Remuneration arrangements
The remuneration of an Executive Directors will be decided by the Board, without the affected Executive Director participating in that decision-making process.
The total maximum remuneration of Non-Executive Directors is the subject of a Shareholder resolution in accordance with the Company's Constitution, the Corporations Act and the ASX Listing Rules, as applicable. The determination of Non-Executive Directors' remuneration within that maximum will be made by the Board having regard to the inputs and value to the Company of the respective contributions by each Non-executive Director. The current limit, which may only be varied by Shareholders in general meeting, is an aggregate amount of $350,000 per annum.
The Board may award additional remuneration to Non-executive Directors called upon to perform extra services or make special exertions on behalf of the Company.
Continuous Disclosure Policy
The Company Secretary has been appointed as the person responsible for communications with ASX. This person is also responsible for ensuring the compliance with the continuous disclosure requirements in ASX Listing Rules and overseeing and co-ordinating information disclosure to the ASX.
The Company Secretary is responsible for the communications strategy to promote the effective communications with shareholders and encourage effective participation at general meetings. The Company adheres to best practice in its preparation of notices of meetings to ensure all Shareholders are fully informed.
Trading Policy
It is the Company's policy to encourage Directors and employees to own Shares in the Company. The Shares trading policy reinforces the obligations of Directors and employees of the Company, under the Corporations Act 2001 and the ASX Listing Rules in relation to trading in Shares. The policy restricts Directors and employees from acting on material information until it has been released to the market. Directors are required to report their proposed Share trading to the Company Secretary.
Communicating with Shareholders
The Board ensures that Shareholders are kept informed of all major developments that affect their Shareholding or the Company's state of affairs through quarterly, half-yearly, annual and ad hoc reports. All shareholders are encouraged to attend the annual general meeting to meet the Chairman and Directors and to receive the most updated report on the Company's activities.
The Company maintains a website at www.latinresources.com.au to provide shareholders with information of the Company's activities.

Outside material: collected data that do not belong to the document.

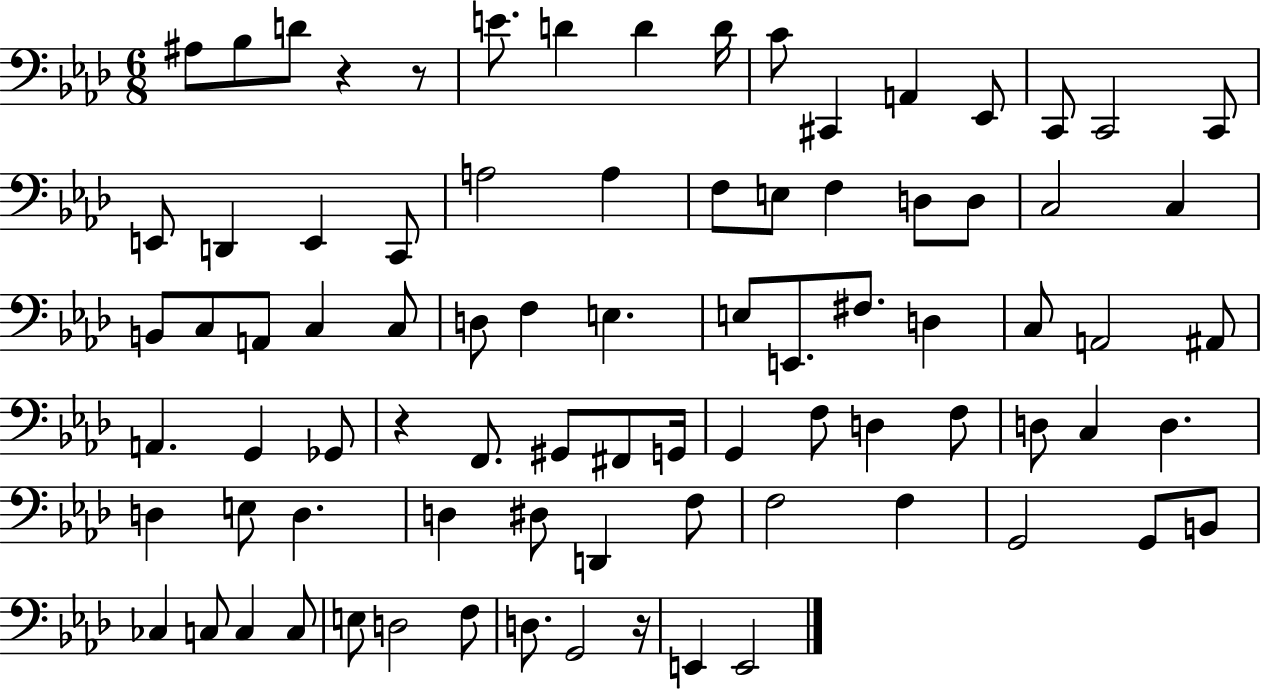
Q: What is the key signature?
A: AES major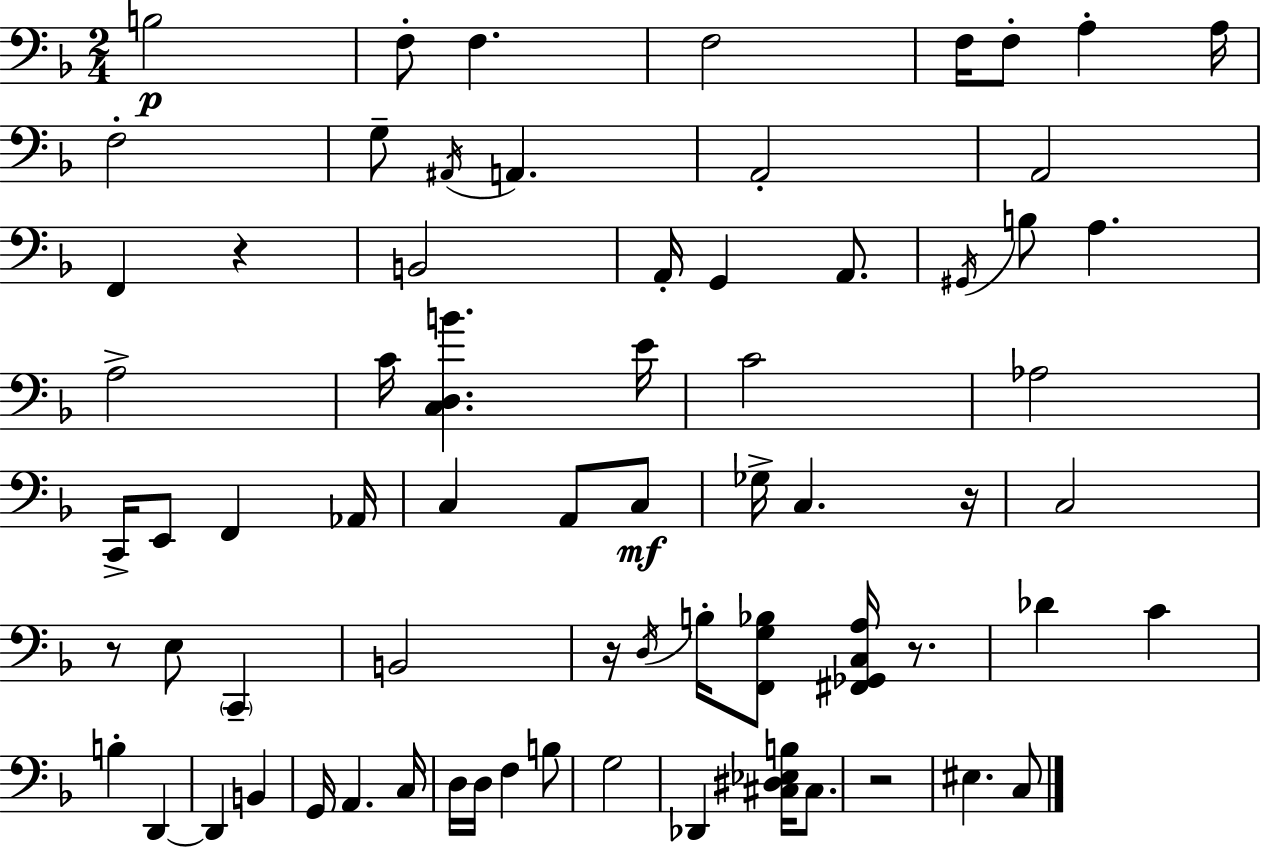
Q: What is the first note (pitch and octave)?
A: B3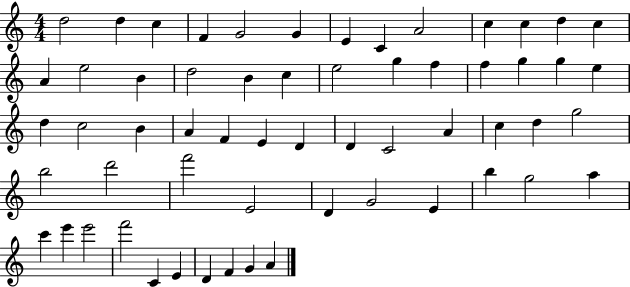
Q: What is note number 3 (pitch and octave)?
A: C5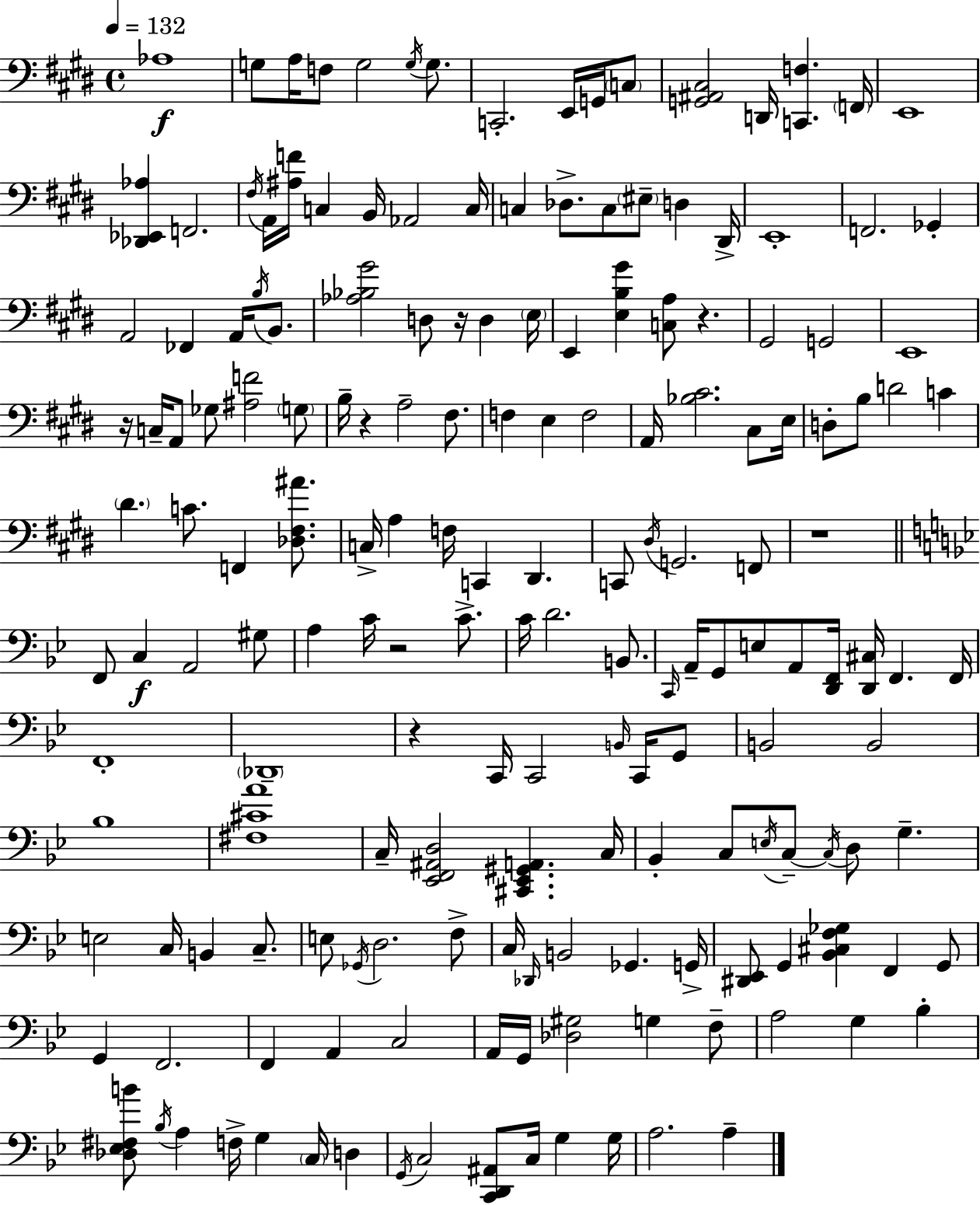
{
  \clef bass
  \time 4/4
  \defaultTimeSignature
  \key e \major
  \tempo 4 = 132
  aes1\f | g8 a16 f8 g2 \acciaccatura { g16 } g8. | c,2.-. e,16 g,16 \parenthesize c8 | <g, ais, cis>2 d,16 <c, f>4. | \break \parenthesize f,16 e,1 | <des, ees, aes>4 f,2. | \acciaccatura { fis16 } a,16 <ais f'>16 c4 b,16 aes,2 | c16 c4 des8.-> c8 \parenthesize eis8-- d4 | \break dis,16-> e,1-. | f,2. ges,4-. | a,2 fes,4 a,16 \acciaccatura { b16 } | b,8. <aes bes gis'>2 d8 r16 d4 | \break \parenthesize e16 e,4 <e b gis'>4 <c a>8 r4. | gis,2 g,2 | e,1 | r16 c16-- a,8 ges8 <ais f'>2 | \break \parenthesize g8 b16-- r4 a2-- | fis8. f4 e4 f2 | a,16 <bes cis'>2. | cis8 e16 d8-. b8 d'2 c'4 | \break \parenthesize dis'4. c'8. f,4 | <des fis ais'>8. c16-> a4 f16 c,4 dis,4. | c,8 \acciaccatura { dis16 } g,2. | f,8 r1 | \break \bar "||" \break \key bes \major f,8 c4\f a,2 gis8 | a4 c'16 r2 c'8.-> | c'16 d'2. b,8. | \grace { c,16 } a,16-- g,8 e8 a,8 <d, f,>16 <d, cis>16 f,4. | \break f,16 f,1-. | \parenthesize des,1-- | r4 c,16 c,2 \grace { b,16 } c,16 | g,8 b,2 b,2 | \break bes1 | <fis cis' a'>1 | c16-- <ees, f, ais, d>2 <cis, ees, gis, a,>4. | c16 bes,4-. c8 \acciaccatura { e16 } c8--~~ \acciaccatura { c16 } d8 g4.-- | \break e2 c16 b,4 | c8.-- e8 \acciaccatura { ges,16 } d2. | f8-> c16 \grace { des,16 } b,2 ges,4. | g,16-> <dis, ees,>8 g,4 <bes, cis f ges>4 | \break f,4 g,8 g,4 f,2. | f,4 a,4 c2 | a,16 g,16 <des gis>2 | g4 f8-- a2 g4 | \break bes4-. <des ees fis b'>8 \acciaccatura { bes16 } a4 f16-> g4 | \parenthesize c16 d4 \acciaccatura { g,16 } c2 | <c, d, ais,>8 c16 g4 g16 a2. | a4-- \bar "|."
}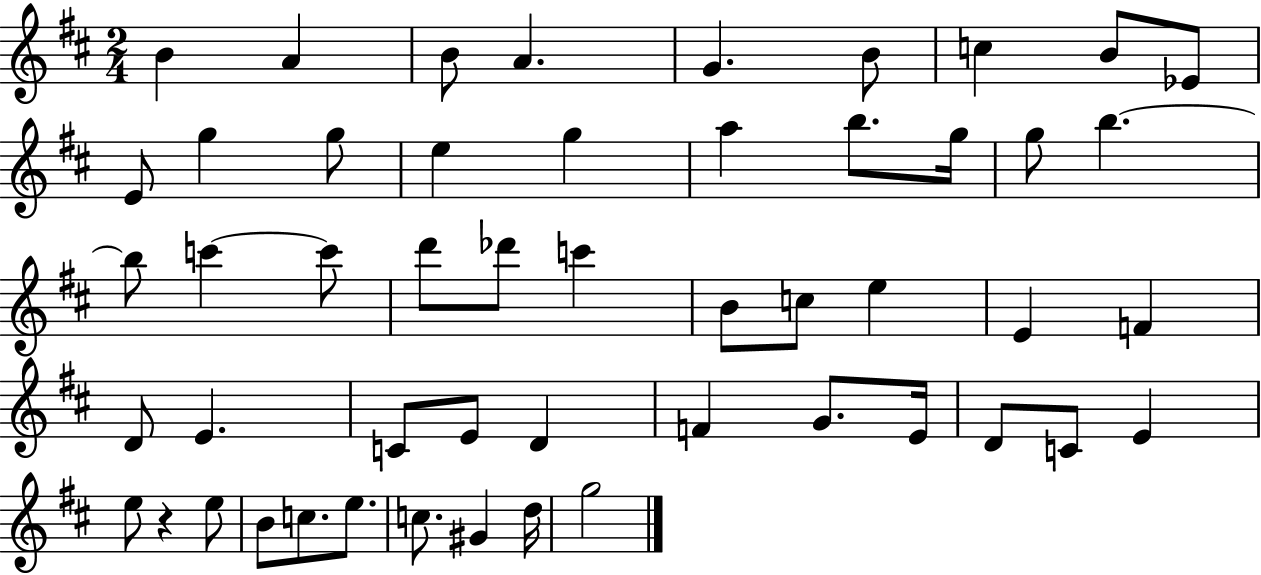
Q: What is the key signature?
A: D major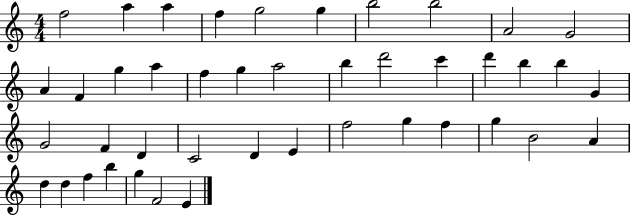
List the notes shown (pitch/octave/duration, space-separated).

F5/h A5/q A5/q F5/q G5/h G5/q B5/h B5/h A4/h G4/h A4/q F4/q G5/q A5/q F5/q G5/q A5/h B5/q D6/h C6/q D6/q B5/q B5/q G4/q G4/h F4/q D4/q C4/h D4/q E4/q F5/h G5/q F5/q G5/q B4/h A4/q D5/q D5/q F5/q B5/q G5/q F4/h E4/q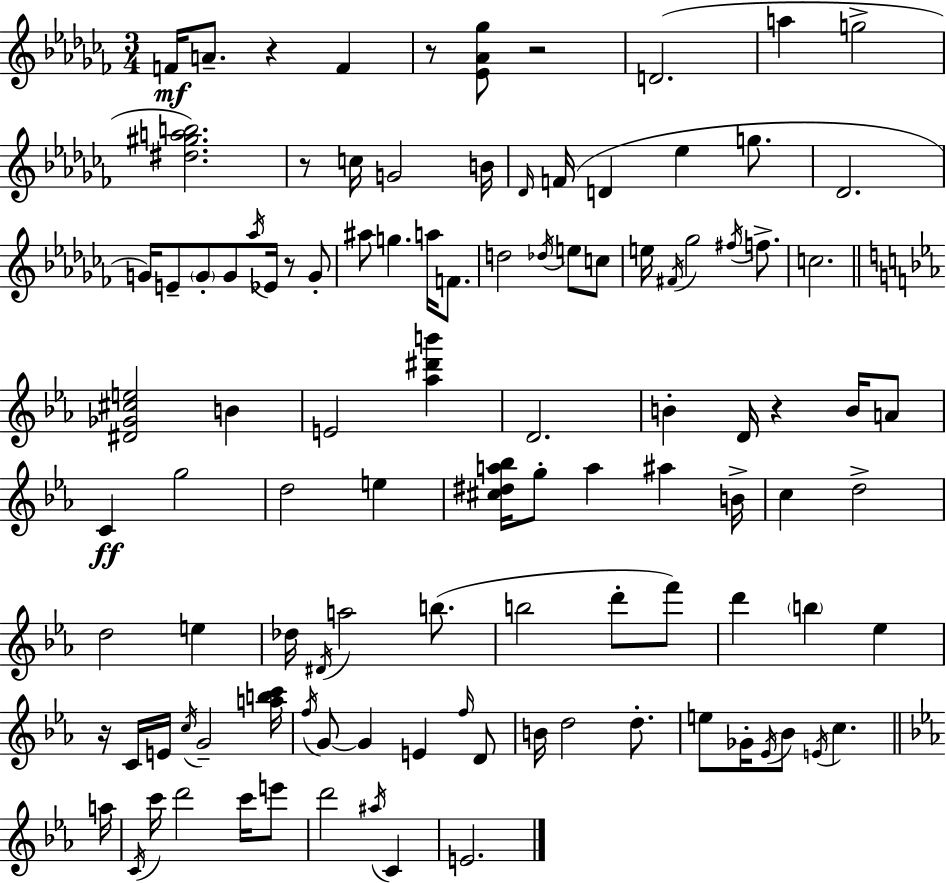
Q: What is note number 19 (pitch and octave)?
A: G4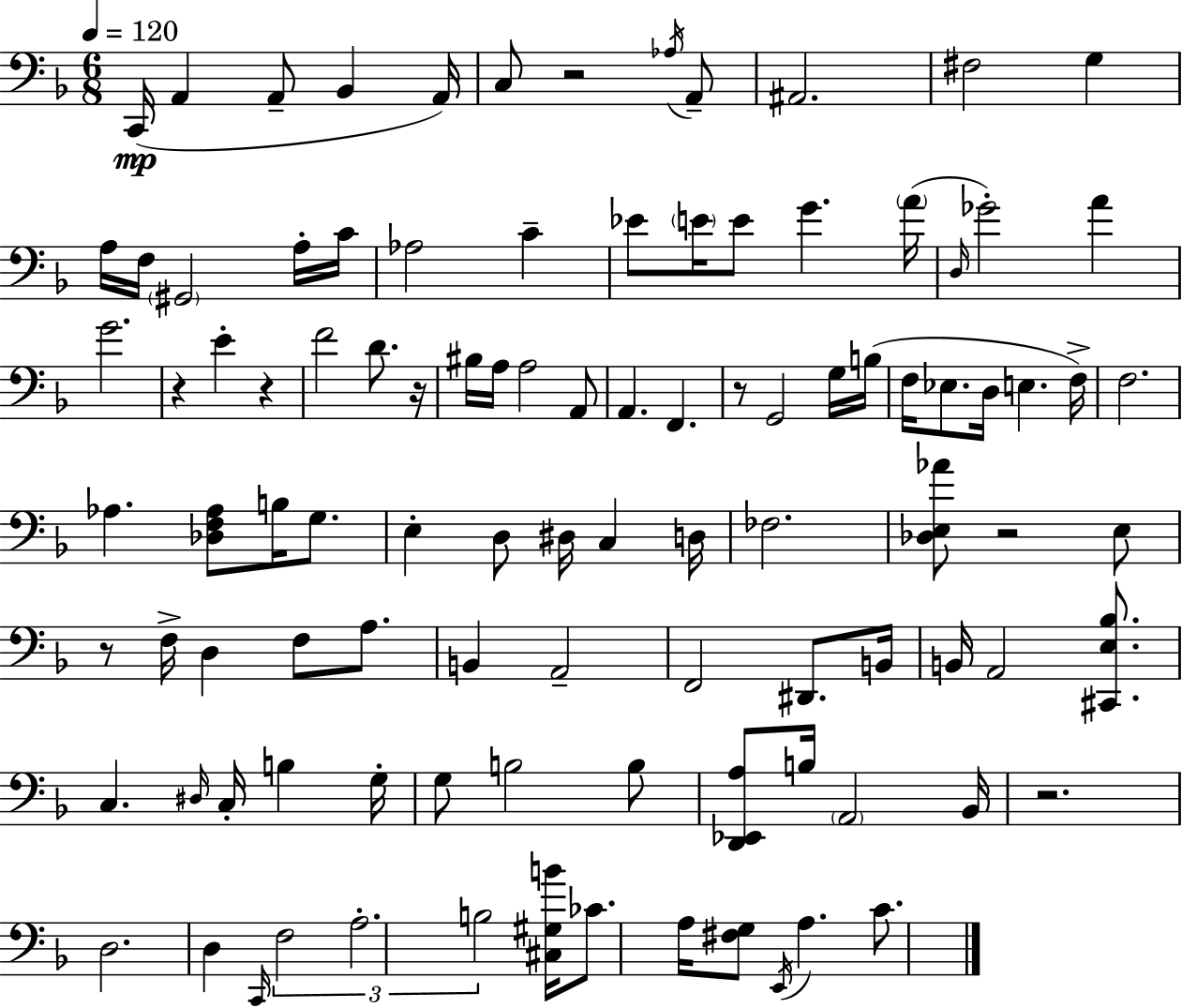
X:1
T:Untitled
M:6/8
L:1/4
K:F
C,,/4 A,, A,,/2 _B,, A,,/4 C,/2 z2 _A,/4 A,,/2 ^A,,2 ^F,2 G, A,/4 F,/4 ^G,,2 A,/4 C/4 _A,2 C _E/2 E/4 E/2 G A/4 D,/4 _G2 A G2 z E z F2 D/2 z/4 ^B,/4 A,/4 A,2 A,,/2 A,, F,, z/2 G,,2 G,/4 B,/4 F,/4 _E,/2 D,/4 E, F,/4 F,2 _A, [_D,F,_A,]/2 B,/4 G,/2 E, D,/2 ^D,/4 C, D,/4 _F,2 [_D,E,_A]/2 z2 E,/2 z/2 F,/4 D, F,/2 A,/2 B,, A,,2 F,,2 ^D,,/2 B,,/4 B,,/4 A,,2 [^C,,E,_B,]/2 C, ^D,/4 C,/4 B, G,/4 G,/2 B,2 B,/2 [D,,_E,,A,]/2 B,/4 A,,2 _B,,/4 z2 D,2 D, C,,/4 F,2 A,2 B,2 [^C,^G,B]/4 _C/2 A,/4 [^F,G,]/2 E,,/4 A, C/2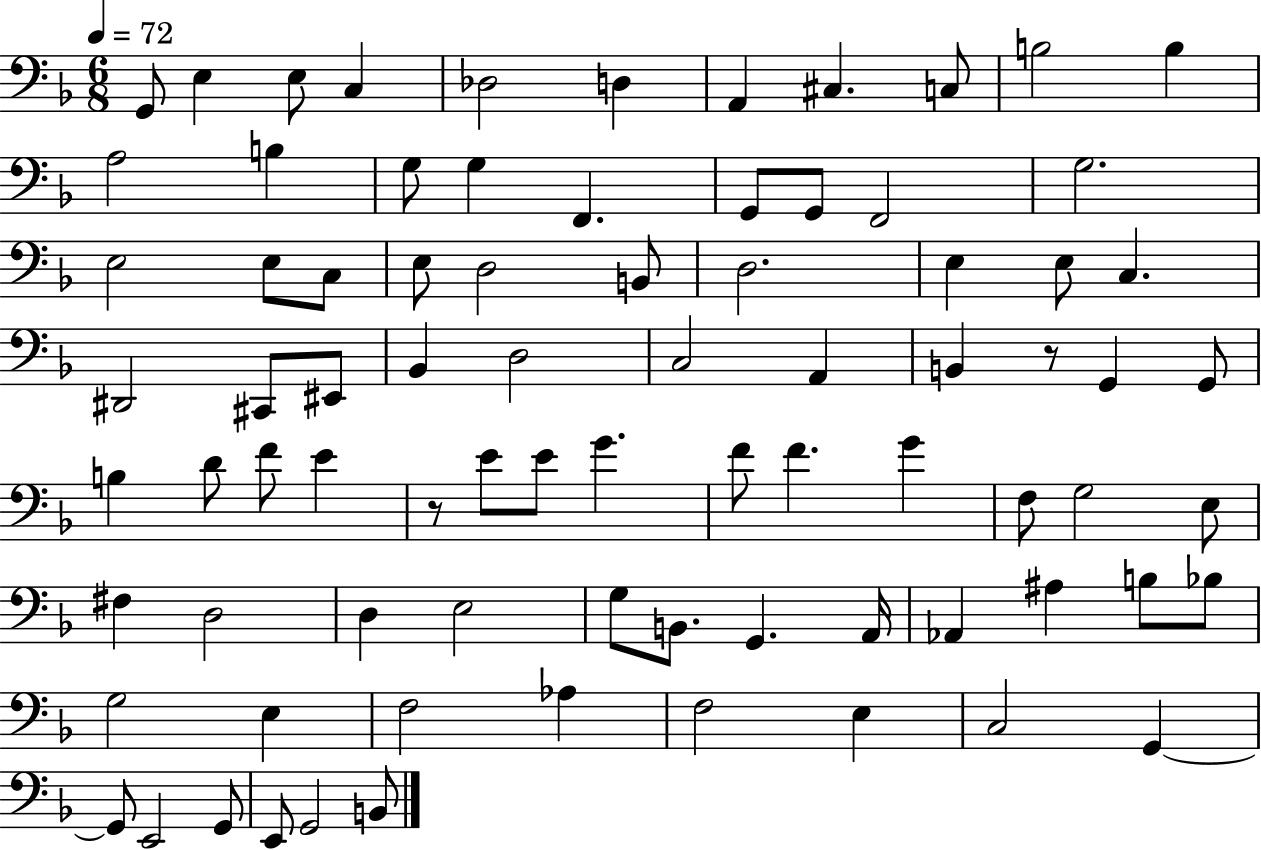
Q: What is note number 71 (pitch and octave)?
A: E3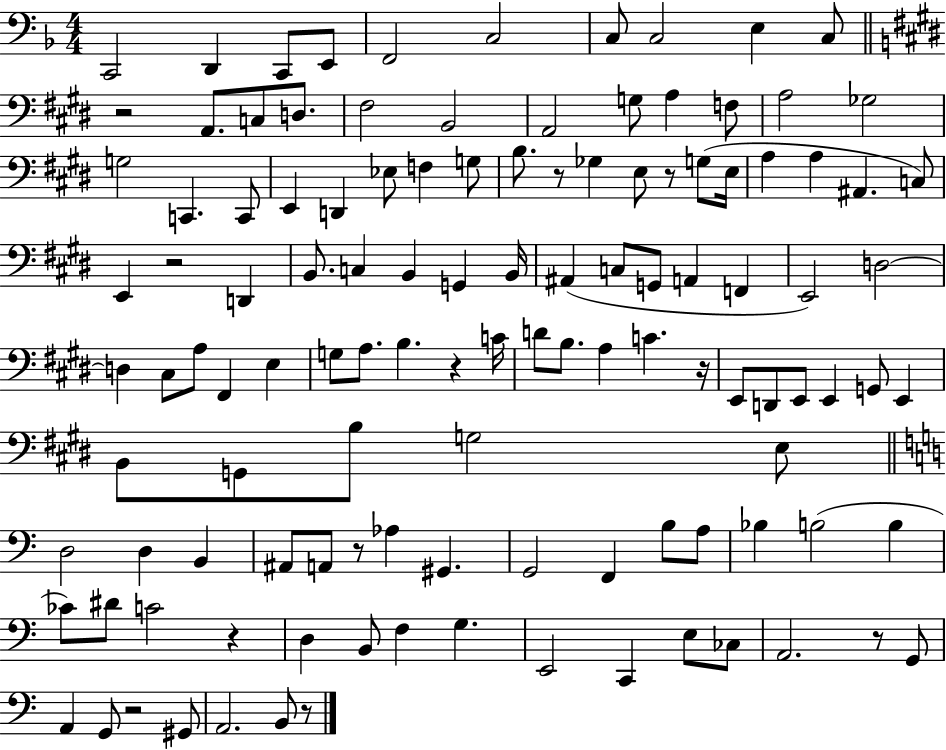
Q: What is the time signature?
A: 4/4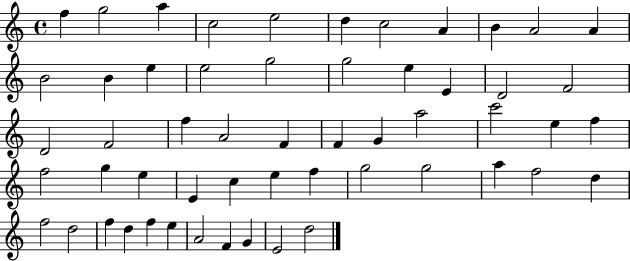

Shareholders may communicate with the Company through its email address info@latinresources.com.au.
External audit
The Company in general meetings is responsible for the appointment of the external auditors of the Company, and the Board from time to time will review the scope, performance and fees of those external auditors.
Audit committee
The Company will not have a separate constituted audit committee.
Identification and management of risk
The Board's collective experience will enable accurate identification of the principal risks that may affect the Company's business. Key operational risks and their management will be recurring items for deliberation at Board meetings.
Ethical standards
The Board is committed to the establishment and maintenance of appropriate ethical standards.